I Vangeli sono libri religiosi in grado di interpellare il lettore allo scopo di suscitare la fede nella persona del Cristo, Salvatore del mondo, e di far giungere l’annuncio della salvezza attuata da Cristo ad un pubblico più largo possibile. Rappresentano una documentazione scritta tardiva e parziale della testimonianza e della predicazione apostolica. Non si possono considerare documenti storici e biografici su Gesù secondo la concezione storiografica moderna, perché i redattori dei Vangeli non erano degli scrittori che, lavorando su documenti debitamente repertoriati, si erano prefissati di scrivere la storia completa di Gesù di Nazarèt, dalla nascita alla morte, indicandone le circostanze precise di tempo e di luogo. Ogni parola evangelica è indissolubilmente legata alla fede dei testimoni che l’hanno trasmessa. Gli evangelisti sono stati mossi più da criteri teologici che storico-geografici. Hanno considerato secondario, cioè di poca importanza ai fini della fede, raccontare con precisione gli avvenimenti della esperienza terrena di Gesù, ponendo al centro la loro testimonianza. E’ peculiare che essi non si dilunghino sulle origini di Gesù, sulla sua formazione, sul suo carattere o sulla sua personalità. E’ come se avessero considerato l’elemento storico come “l’involucro” che conteneva “l’evento” (il kerigma): due aspetti fra loro complementari, e nello stesso tempo inscindibili, da cui scaturisce l’impossibilità di separare il “Gesù storico”, ricostruito con i soli strumenti dell’analisi storica, dal “Gesù della fede”, ricostruito alla luce del Mistero della Risurrezione.

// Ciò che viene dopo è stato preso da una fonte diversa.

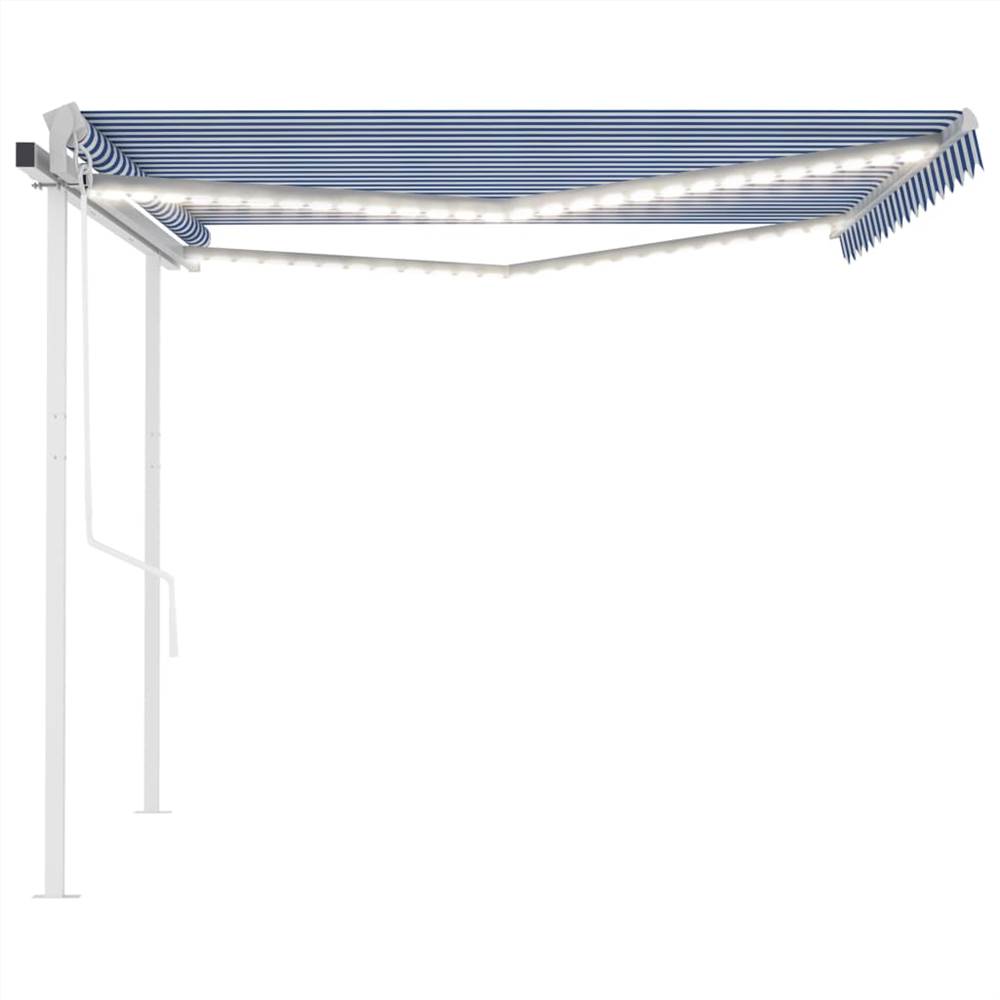 Automatic Awning with LED&Wind Sensor 4x3 m Blue and White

Di là delle personali motivazioni che hanno mosso ciascun evangelista, lo spirito di lettura dei Vangeli deve essere diretto a non perdere di vista il senso unitario, spirituale e teologico, che accompagna i quattro evangelisti, per quanto diverse e singolari possano apparire le loro rispettive prospettive catechetiche.

La “preoccupazione ansiosa”, quasi ossessiva, di dimostrare a tutti i costi la storicità dei Vangeli potrebbe sfociare in una mentalità intransigente e fondamentalista, rifiutando di considerare nei Vangeli altri tipi di linguaggi se non quello storiografico.

Per comprendere il mistero della rivelazione, che sta alla base della lettura dei Vangeli, è necessario rinunciare ad una metodologia basata sulla razionalità: né scienza, né filosofia sono strumenti validi per raggiungere Cristo. L’incomprensibilità del mistero è un invito a riconoscere il limite della mente umana; attesta che l’uomo con le sue sole forze non può penetrare il mistero di Dio. Ciò non umilia la ragione ma, mettendola in uno stato di ascolto, potrà consentire a ciascuno di aprirsi alla fede e alla sua accoglienza. Da qui nasce l’esigenza di quel continuo “processo di rilettura dei testi evangelici” mirato a coglierne il mistero profondo, nella speranza che possa costituire motivo e strumento per illuminare e orientare la propria esistenza.